DATA FOR PROCESSING »

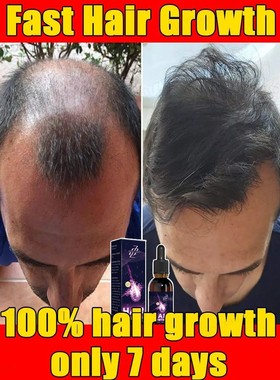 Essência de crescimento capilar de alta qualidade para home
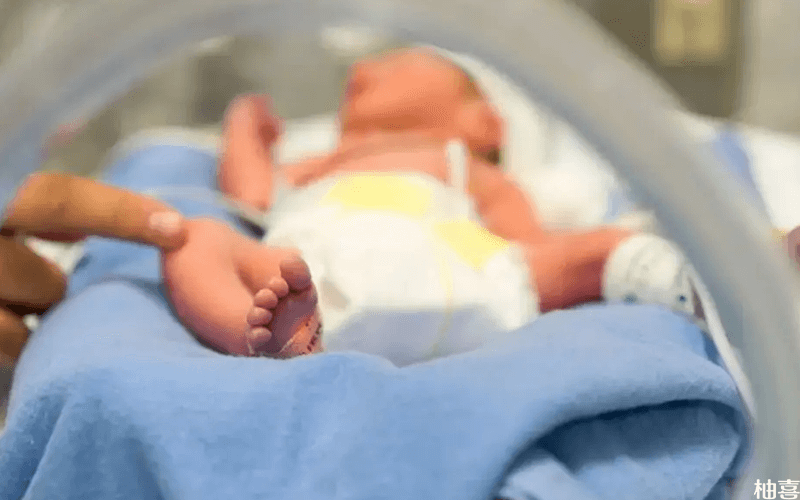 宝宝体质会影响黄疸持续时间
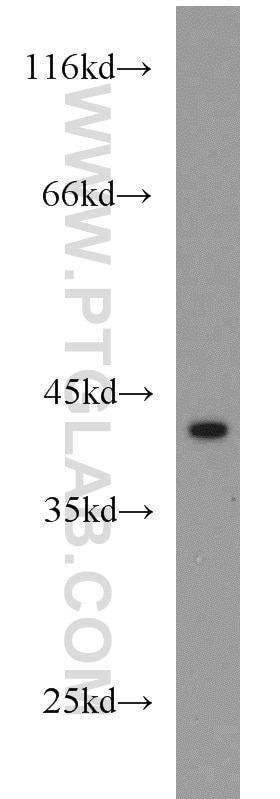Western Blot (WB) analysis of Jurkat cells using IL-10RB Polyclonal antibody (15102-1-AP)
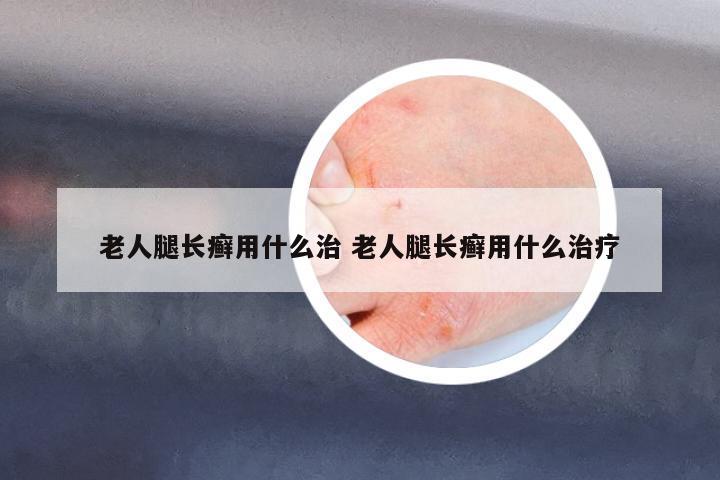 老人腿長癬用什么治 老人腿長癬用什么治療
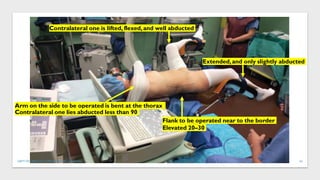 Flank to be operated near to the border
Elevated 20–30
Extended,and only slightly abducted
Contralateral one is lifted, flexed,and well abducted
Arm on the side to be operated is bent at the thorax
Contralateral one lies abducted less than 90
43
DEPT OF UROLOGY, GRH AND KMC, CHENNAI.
--
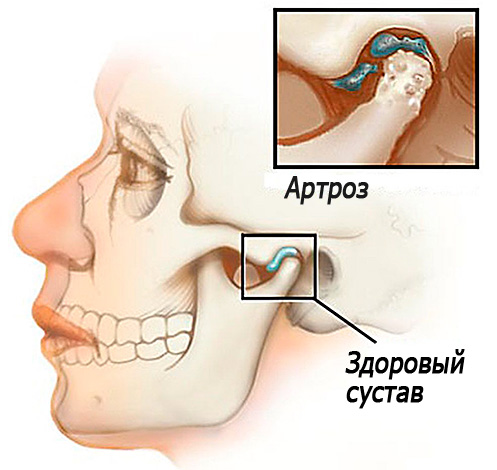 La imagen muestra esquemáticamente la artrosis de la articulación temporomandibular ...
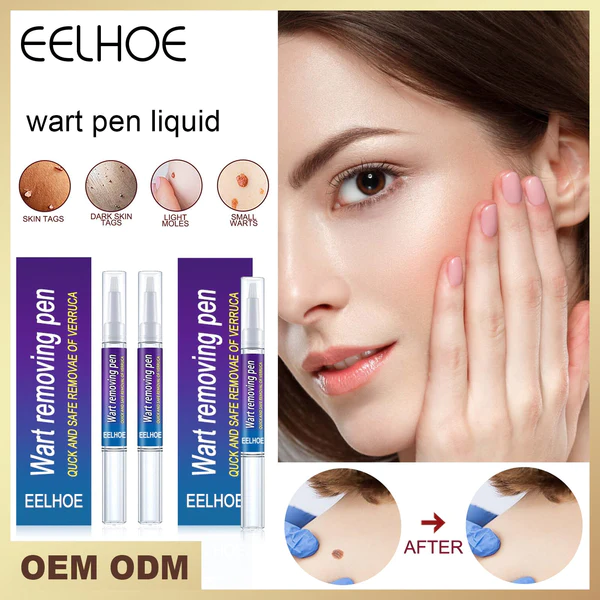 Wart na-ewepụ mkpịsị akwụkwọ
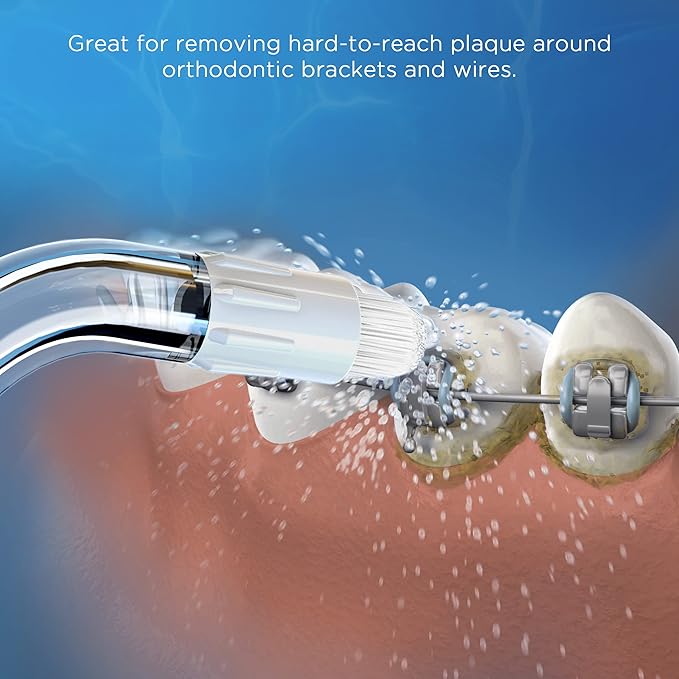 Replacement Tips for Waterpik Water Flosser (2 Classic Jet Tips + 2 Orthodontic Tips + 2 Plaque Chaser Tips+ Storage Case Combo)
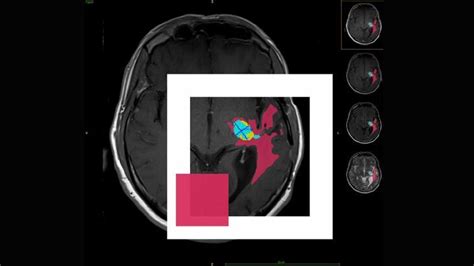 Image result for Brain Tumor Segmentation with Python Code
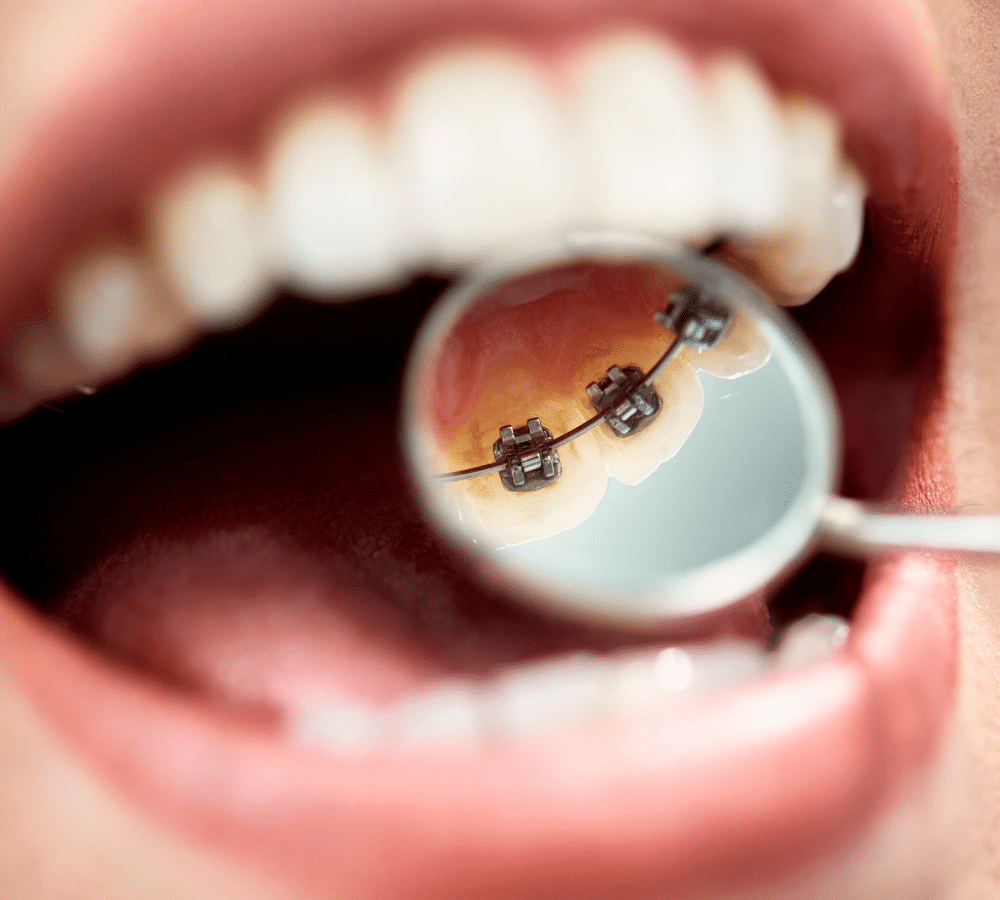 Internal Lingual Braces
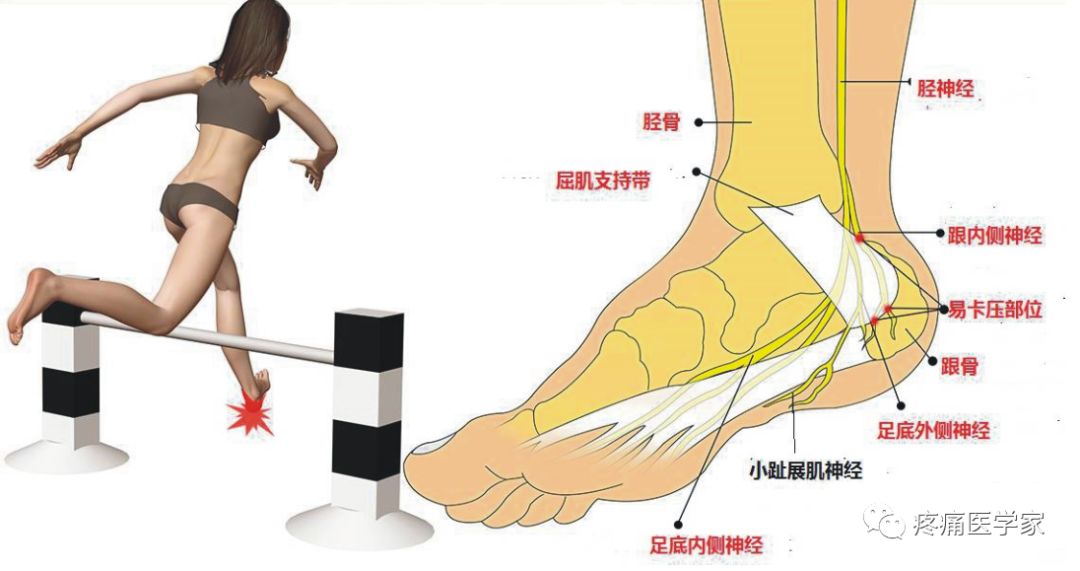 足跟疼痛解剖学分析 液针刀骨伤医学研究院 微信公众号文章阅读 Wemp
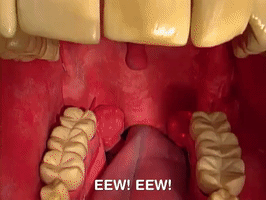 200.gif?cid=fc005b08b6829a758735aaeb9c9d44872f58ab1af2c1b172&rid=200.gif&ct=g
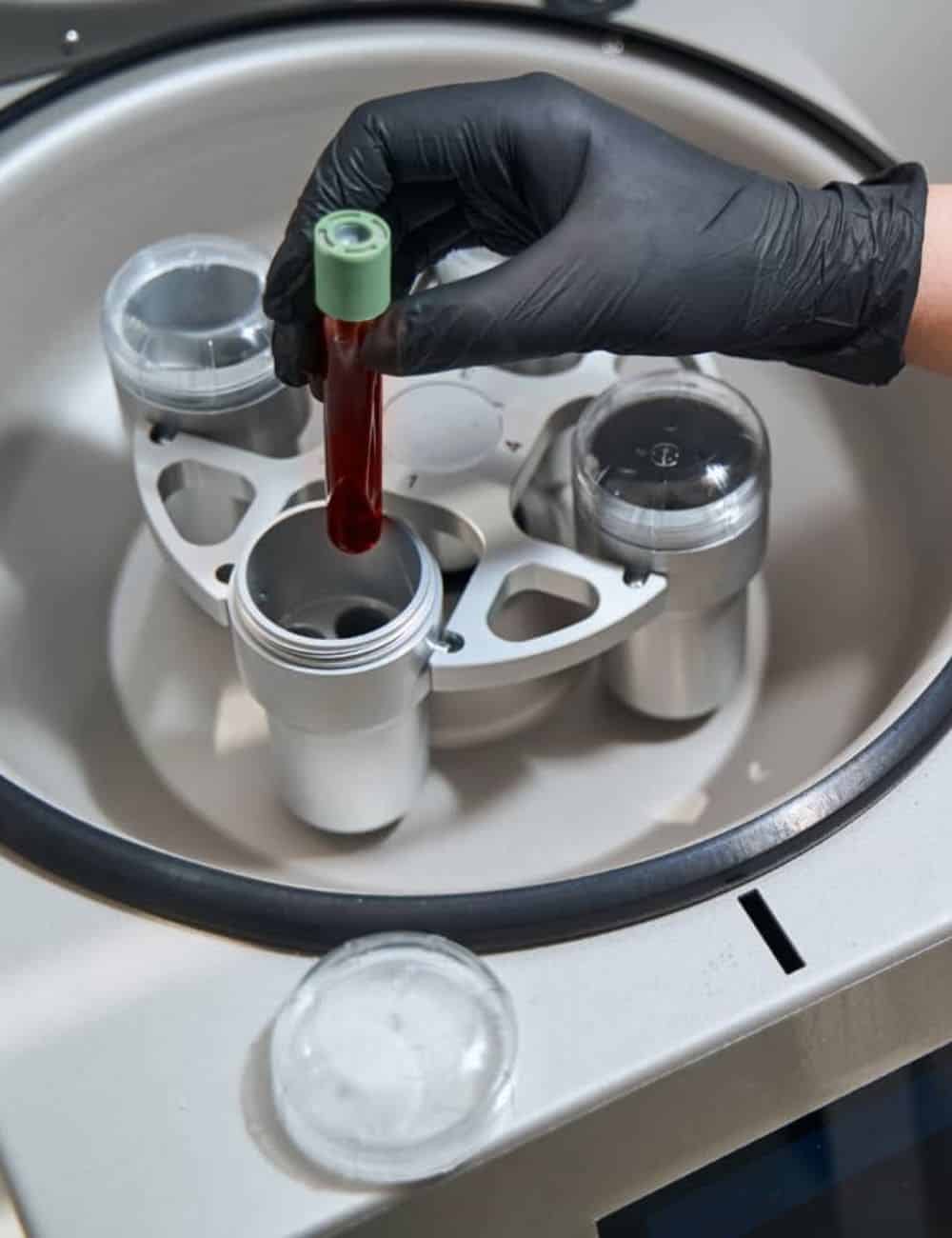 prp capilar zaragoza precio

WORK ORDER »
Copy out the range of lines above starting at the line with "Extended,and only slightly abducted" and ending at the line with "DEPT OF UROLOGY, GRH AND KMC, CHENNAI.", exactly and including both.

TASK SOLUTION »
Extended,and only slightly abducted
Contralateral one is lifted, flexed,and well abducted
Arm on the side to be operated is bent at the thorax
Contralateral one lies abducted less than 90
43
DEPT OF UROLOGY, GRH AND KMC, CHENNAI.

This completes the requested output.